Trotz ihres Leidens gehört das Werk Berger einer Tradition an, die ihre Wurzeln in den utopischen, konstruktiven, reduzierten Geometrien von Kazimir Malevich hat. Ihre frühen Kompositionen sind stark im Raster verwurzelt und neigen dazu, gedämpfte Farbtöne von Schwarz, Weiß, Grau und Braun zu umarmen. Als sie als Künstlerin reifte, wurden ihre Rastersysteme offener für Abweichungen im Design. Sie begann, mehr Kreise und andere organische Formen hinzuzufügen. Sie entwickelte auch neue Techniken, die es ermöglichten, dass frei fließende Punkte in das Werk einfließen konnten, wo lose Fäden sich zwischen dem engen Gewebe ausdehnen und sich in sich verändernde, biomorphe Formen verwandeln konnten. Ihre Methode war sowohl geplant als auch experimentell; starr und frei. Einige ihrer komplexesten Kompositionen verbinden sogar ein strukturiertes Fundament mit Anklängen an den Lyrismus, den sie während ihres Studiums bei Wassily Kandinsky am Bauhaus erlernte.

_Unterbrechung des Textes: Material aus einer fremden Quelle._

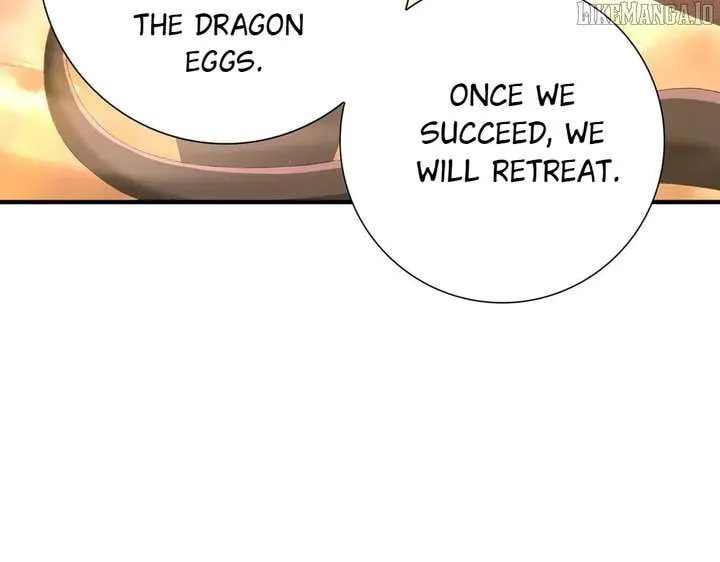 I Got the Weakest Class, Dragon Tamer!? Chapter 176 page 76 -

Otti Berger Furnishing Fabric cotton

Otti Berger - Möbelstoff, 1925–1930. Cellophan und Baumwolle, doppelt gewebte glatte Gewebe. 454,5 × 126,9 cm (179 × 50 Zoll). Geschenk von George E. Danforth. © Art Institute Chicago.

Obwohl der Großteil ihres Schaffens der Welt des Textildesigns angehört, sollten wir ihm dennoch den gebührenden Platz als Kunstform einräumen. Schließlich hätte es keine Rolle gespielt, wenn Berger über die Welt des Webens am Bauhaus hinausgehen dürfen; es ist ungewiss, welche anderen Medien sie angesprochen hätten. Im Kontext der Kunst ist ihr spektakulärstes Design der "Geknotete Teppich" (1929). Seine atemberaubende, farbenfrohe Komposition deutet auf ein Zusammenkommen mehrerer ästhetischer Positionen hin, vom Lyrismus Kandinskys über die Struktur Mondrians bis hin zu den Farbtheorien Albers'. Wie so viele ihrer Bauhaus-Kollegen war Berger eine Meisterin der Subtilität, wenn es um formale ästhetische Prinzipien ging. Sie umarmte die Linie, das Quadrat, das Raster und die Kraft der Farbbeziehungen. Sie glaubte an Einfachheit und strebte nach Klarheit. Hätte ihr Leben nicht durch eine Tragödie verkürzt worden, ist ungewiss, was sie der Kultur und Geschichte der Abstraktion noch hätte hinzufügen können.

Vorschaubild: Otti Berger - Buch, 1935. Baumwolle. 5-1/2 x 9 Zoll (14 x 22,9 cm). Rogers Fund, im Austausch, 1955. © Das Metropolitan Museum of Art.
Alle Bilder dienen nur zu Illustrationszwecken.